2. 潤滑油、冷却水、燃料フィルター、潤滑油フィルター、ファン駆動用Vベルト、冷却水用等のゴムホース、パーツごとに用いられるシール材、始動用の蓄電池等についてはメーカーが指定する推奨交換年内に交換が必要です。
予防的な保全策を講じている場合の負荷運転または内部観察等のシミュレーション
これらの予防的な保全策を行うことで、負荷試験または内部観察等は6年に1回で良くなります。
④負荷試験を行うか内部観察等を行うか
1年に一度の総合点検で行うにしても、予防的な保全策を行い6年に1回行うにしても、負荷試験または内部観察を選ぶ必要があります。
ここまでのことをまとめると、非常用発電機の点検でしなければいけないことは、下記表のようになります。
選択肢としては大きく分けて
①-1 予防的な保全策を毎年行い、6年に一度の負荷試験を行う
①-2 予防的な保全策を毎年行い、6年に一度の内部観察等を行う
②-1 1年に一度の総合点検時に負荷試験を行う
②-2 1年に一度の総合点検時に内部観察等を行う
のいずれかを選ぶということになります。
1年に一度の負荷試験の実施がオススメ
停電の有無
点検における最も重要視されることの一つではないでしょうか。
施設への電力供給が止まってしまうことで、大きな損失につながるケースもあります。
予防的な保全策や内部観察等では、状況により電力供給を止めないといけない場合があります。
負荷試験では、擬似的な負荷をかける負荷運転のため電力供給を止める必要はありません。
コスト
非常用発電機の発電容量によりますが、コスト面から見ると負荷試験が最もコストパーフォーマンスが良いと考えられます。
発電機出力125KVAの場合、予防的な保全策を講じる場合約7時間程度、内部観察等を行う場合は一部部品の取り外しや内視鏡による点検などをおこない、未燃焼燃料の洗浄など状況により丸2日以上必要になる場合があります。
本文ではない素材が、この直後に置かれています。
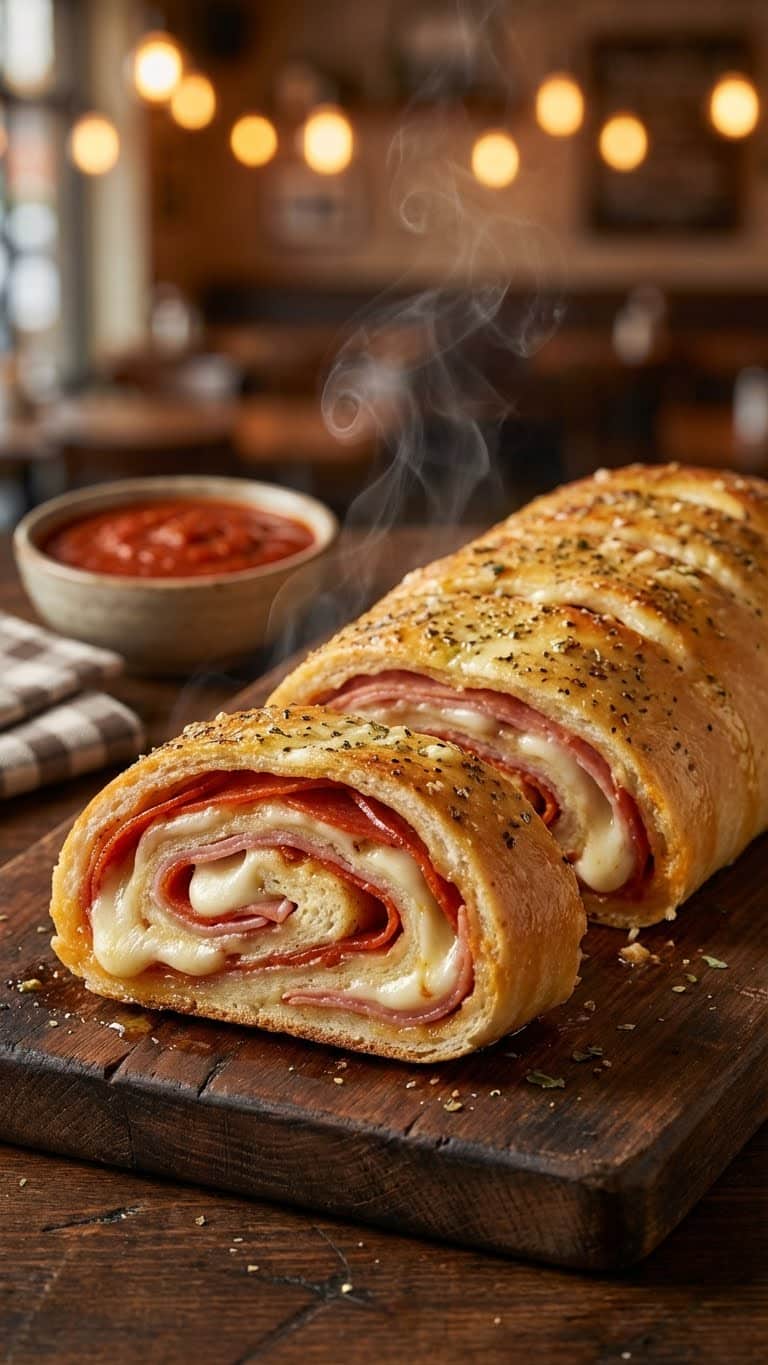 A golden brown baked stromboli sliced open to show layers of pepperoni, ham, and melted cheese on a wooden board.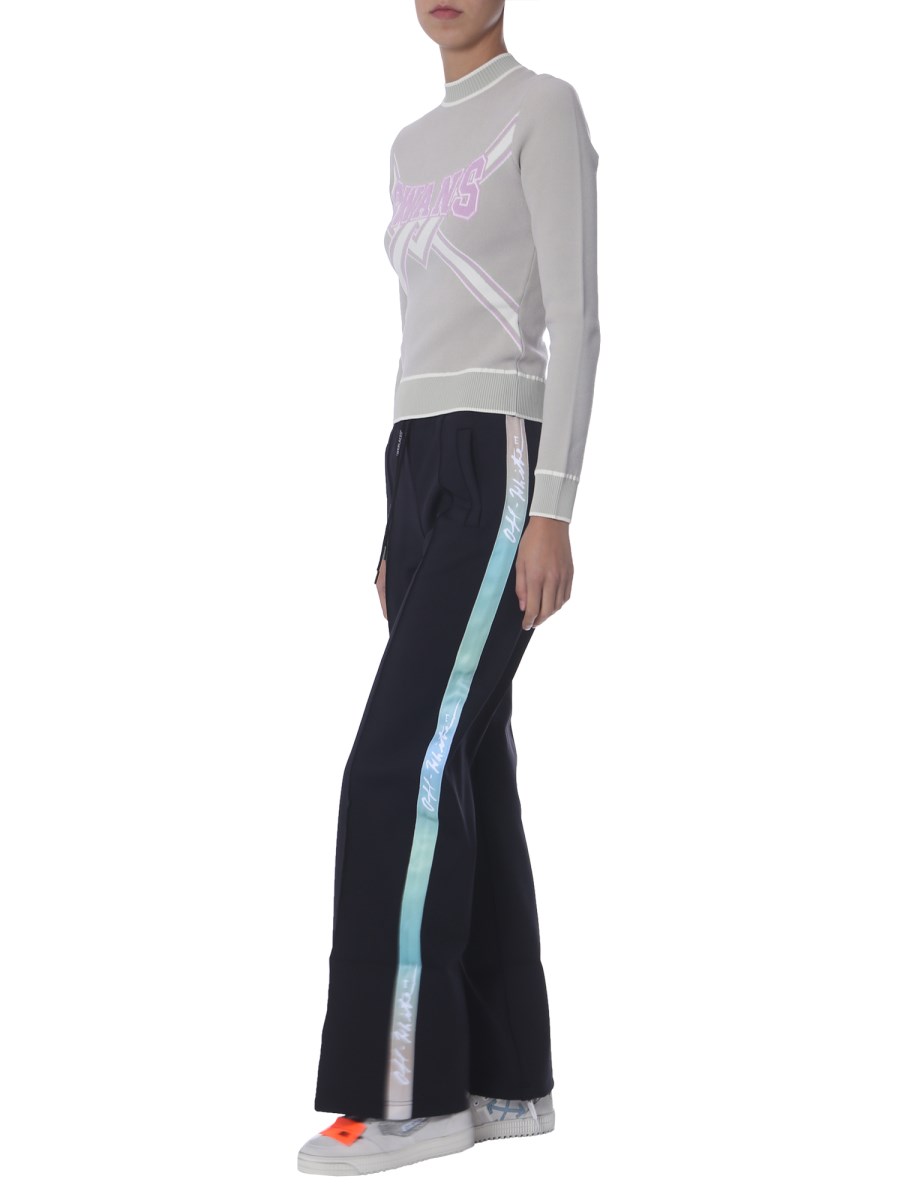 OFF-WHITE MAGLIA CROPPED "SWANS" GIROCOLLO IN JERSEY DI COTONE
負荷試験なら2時間程度で作業が完了するため、コストを安く抑えることが可能になりました。
内部観察等の詳細はコチラ消防庁資料)
負荷試験を行うメリット
この他にも負荷試験を行うことのメリットはたくさんあります。
・非常用発電機の動作確認が同時にできる
・負荷試験機の小型化により、搬入経路や設置スペースの手間が不要
・内部に付着した未燃焼燃料(すす又はカーボンと言われる付着物)を燃焼させるメンテナンス効果
などが挙げられます。
以上のことから、非常用発電機の点検は、
「半年に1回の機器点検+1年に1回の総合点検(負荷試験)」
をオススメしています。
※発電機出力などにより、他の方法が良い場合もあります。